Task details:
Lines before the one containing "کشنده دنگ فنگ البرز موتور پمپی 89" are left out; that line and all after it, through the end of the records, must be transcribed exactly.

Information shown Block Start

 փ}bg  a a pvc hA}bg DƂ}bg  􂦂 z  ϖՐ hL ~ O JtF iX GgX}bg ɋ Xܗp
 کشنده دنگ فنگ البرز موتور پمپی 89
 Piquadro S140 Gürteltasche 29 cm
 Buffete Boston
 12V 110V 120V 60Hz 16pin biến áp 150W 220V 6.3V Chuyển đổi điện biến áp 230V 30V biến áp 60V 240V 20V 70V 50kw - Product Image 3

Information shown Block End

Solution to this task:
 کشنده دنگ فنگ البرز موتور پمپی 89
 Piquadro S140 Gürteltasche 29 cm
 Buffete Boston
 12V 110V 120V 60Hz 16pin biến áp 150W 220V 6.3V Chuyển đổi điện biến áp 230V 30V biến áp 60V 240V 20V 70V 50kw - Product Image 3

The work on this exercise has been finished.